Dafoe works the five-day weekend shift as a senior avalanche technician, spending most days on skis but sharing office space with a busy crew of snow-smart professionals that include forecasters, technicians, safety specialists and a steady stream of visiting grad students.
Most BC skiers view avalanche science as a profession centered on recreation. But throughout the province a special fraternity exists outside of the powder-day framework of ski resorts and heli ops. Working for the government or private industry, these career avalanche professionals pry their trade in critical transportation corridors, heavily trafficked National Parks and remote Crown land with economic value to the resource economy.

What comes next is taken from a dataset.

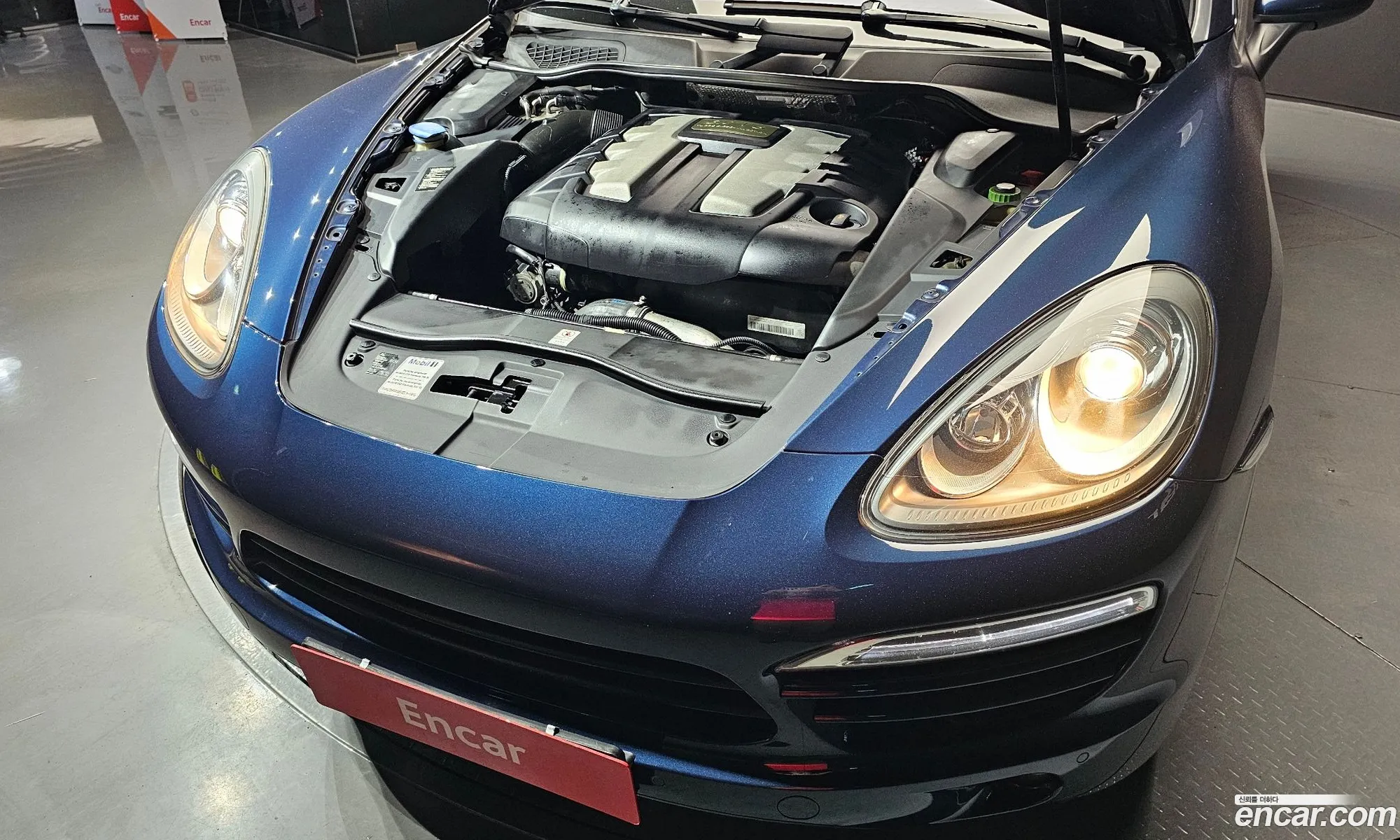 Porsche Cayenne 2011 — 17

These avy pros utilize their blasting tickets to mitigate risk, but also spend more than a hundred days a season in AT boots, constantly monitoring snowpacks, compulsively checking weather data and setting skintracks in spectacular ski zones. For a window into their day jobs, that read to us like dream jobs, photographer Jordan Manley and I set out on an avalanche road trip that started, where this work began way back in 1962, at the gauntlet of Rogers Pass.
“They’re hoaring stellars man! They’re classic hoaring stellars,” exclaims Scott Aitken, about as excited as a snow scientist could be about crystal structure. Aitken, is a BC Ministry of Transportation snow avalanche technician with 25 years working the Duffey Lake Road, the back route out of Whistler.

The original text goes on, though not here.